These failings were overcome by relativity and quantum mechanics.
theories do not invalidate earlier models. Rather, they stake out and provide
road maps to new territory that prior models don't cover. Often, new models do
not so much render old ones obsolete as circumscribe their domains of
applicability, revealing and accounting for altogether new phenomena that lie
beyond the purview of the old models. For example, relativity and quantum
theory do not invalidate Newton's laws of motion.
Newton's classical treatment still describes accurately the motions of the objects to which he originally applied them so long as they move at speeds much slower than the speed of light. NASA's space scientists have no need for the refinements of quantum or relativistic mechanics in calculating the flight paths of space vehicles. But if we wish to account for the dynamics of objects at very high velocities or describe atomic phenomena, we must use quantum mechanical models. For everyday-size objects moving at everyday speeds, the quantum and relativistic models reduce to the familiar models of classical physics. In sum, new models usually don't invalidate old ones so much as they transcend them.

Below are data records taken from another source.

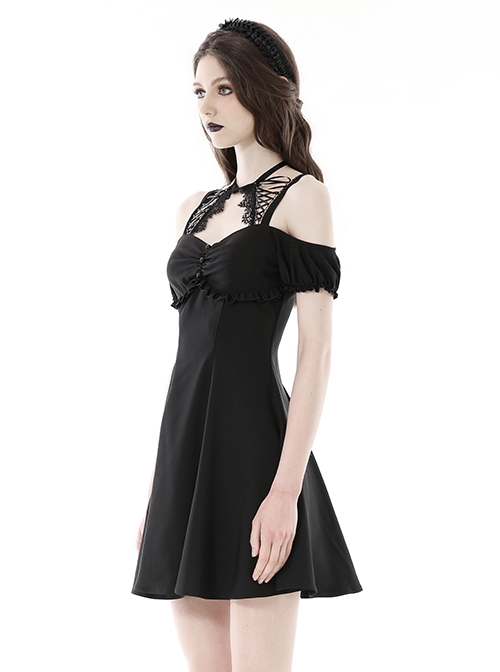 Simple Black Sexy Off Shoulder Personalized Cross Tie Punk Style Off Shoulder Short Sleeved Dress
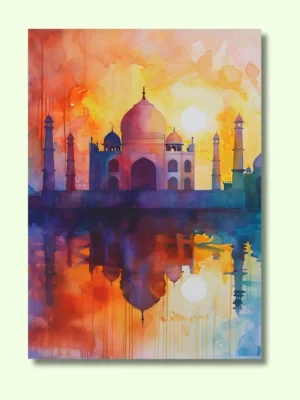 buy taj mahal poster – 30x45cm | 300 gsm gloss wall art photo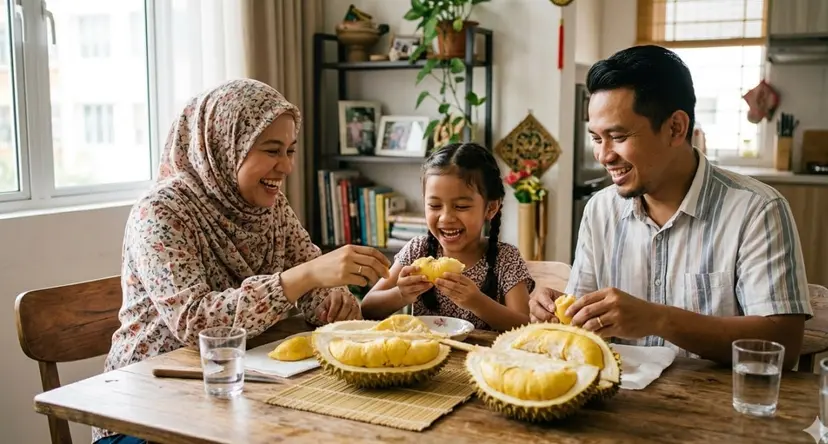 Family enjoying premium NAPC Durian together at home
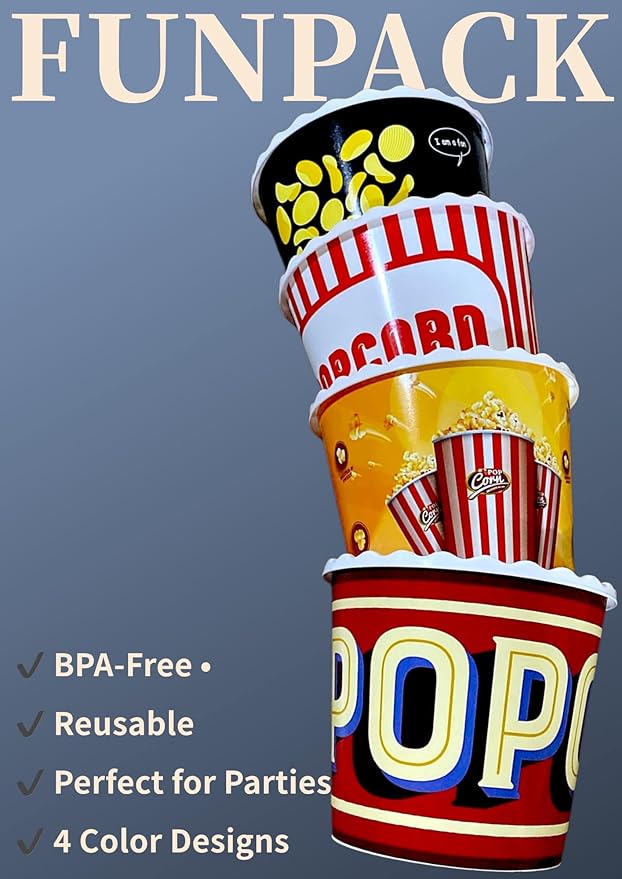 Modern Style Reusable Plastic Popcorn Box/Popcorn Containers/Popcorn Bowls Set for Movie Theater Night - (BPA Free - 4 Pack - 75 oz) (Popcorn Mix E)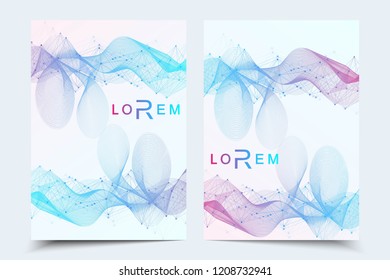 Scientific brochure design template. Vector flyer layout, Molecular structure with connected lines and dots. Scientific pattern atom DNA with elements for magazine, leaflet, cover, poster design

This is also a key feature of the social and self models characteristic of dignitarian culture, which will be discussed in chapter. The idea of evolving truth is the lynchpin of such a culture. However, it's crucial to note that just because our models evolve does not mean that "anything goes." Indeed, quite the contrary: at any given time, what "goes" is precisely the best current model we've got. One simply has to be alert to the fact that today's best model may be superseded by an even better one tomorrow.
Most contemporary students of the natural world are actually excited when they find a persistent discrepancy between their latest model and empirical data because they know such deviations signal the existence of hitherto unknown realms in which new phenomena may be discovered.
The presumption that nature models are infallible has been replaced with the humbling expectation that they will eventually be replaced by more comprehensive and accurate ones.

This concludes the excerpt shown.